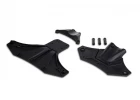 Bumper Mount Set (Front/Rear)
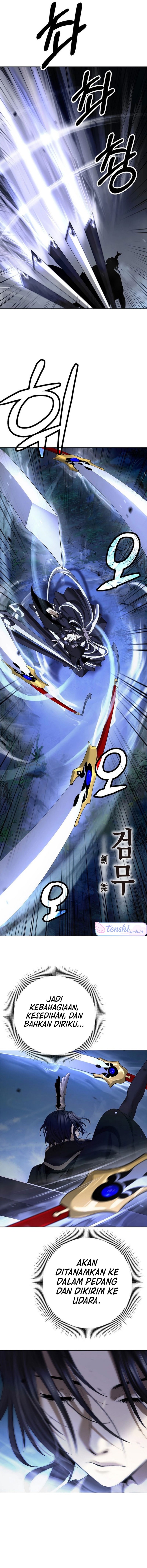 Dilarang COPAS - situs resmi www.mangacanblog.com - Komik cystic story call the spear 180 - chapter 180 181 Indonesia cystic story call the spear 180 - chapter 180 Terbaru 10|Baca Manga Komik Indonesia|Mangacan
══════════════════════════════
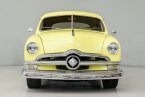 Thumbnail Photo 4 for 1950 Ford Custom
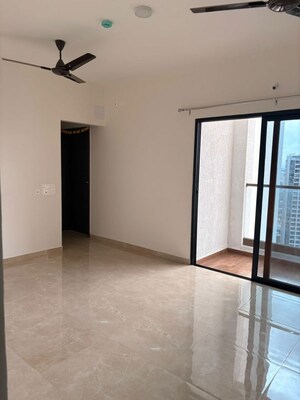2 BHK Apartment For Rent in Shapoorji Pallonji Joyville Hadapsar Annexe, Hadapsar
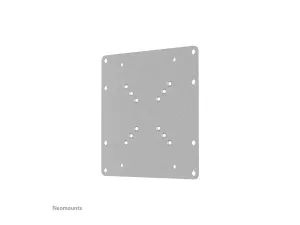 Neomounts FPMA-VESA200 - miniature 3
══════════════════════════════
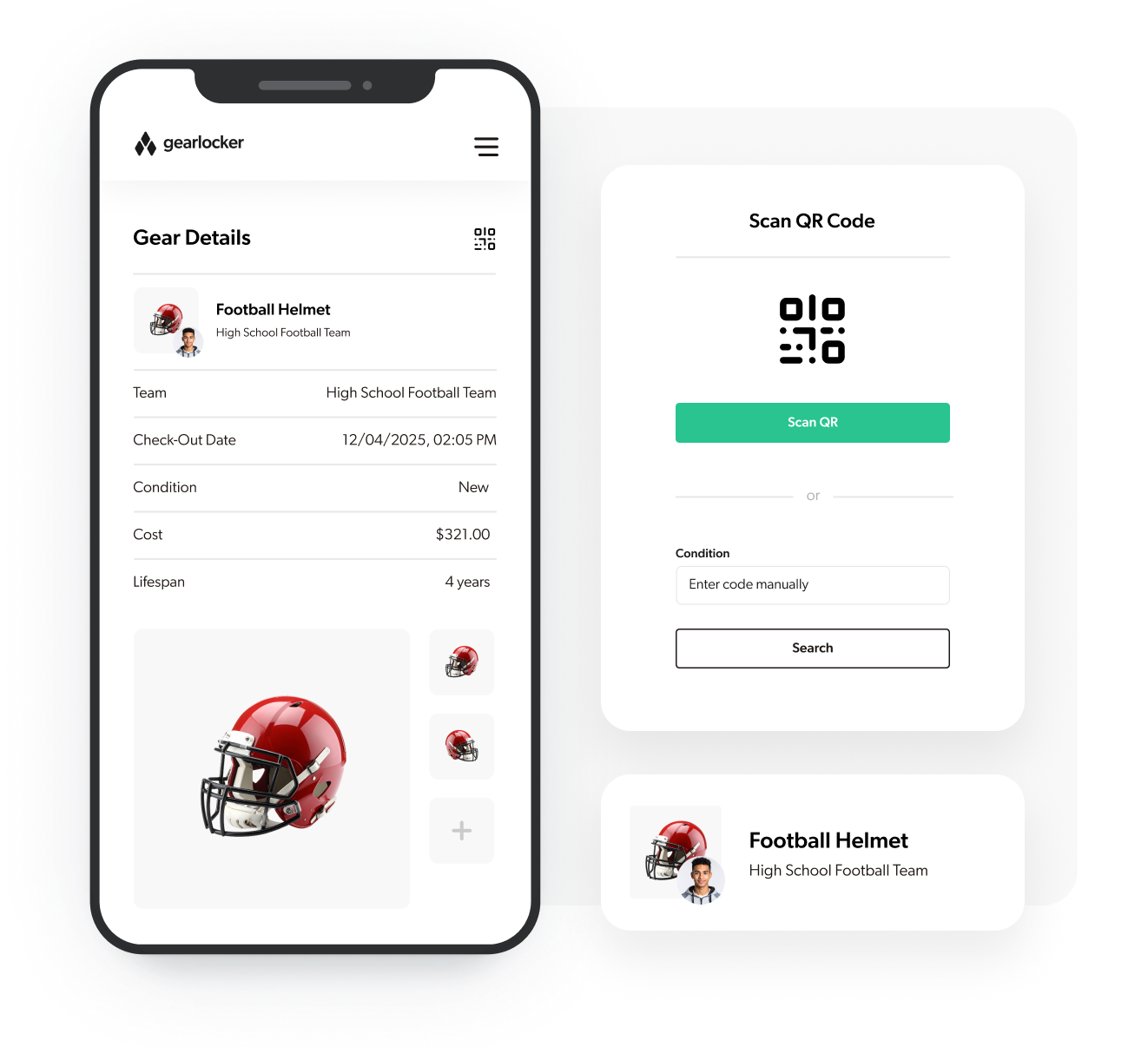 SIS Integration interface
══════════════════════════════
→ **Exercise directions**
Within the listing above, extract exactly the lines that run from the one containing "Bumper Mount Set (Front/Rear)" through the one containing "Dilarang COPAS - situs", excluding any pictures.

→ **Solution for this exercise**
 Bumper Mount Set (Front/Rear)
 Dilarang COPAS - situs resmi www.mangacanblog.com - Komik cystic story call the spear 180 - chapter 180 181 Indonesia cystic story call the spear 180 - chapter 180 Terbaru 10|Baca Manga Komik Indonesia|Mangacan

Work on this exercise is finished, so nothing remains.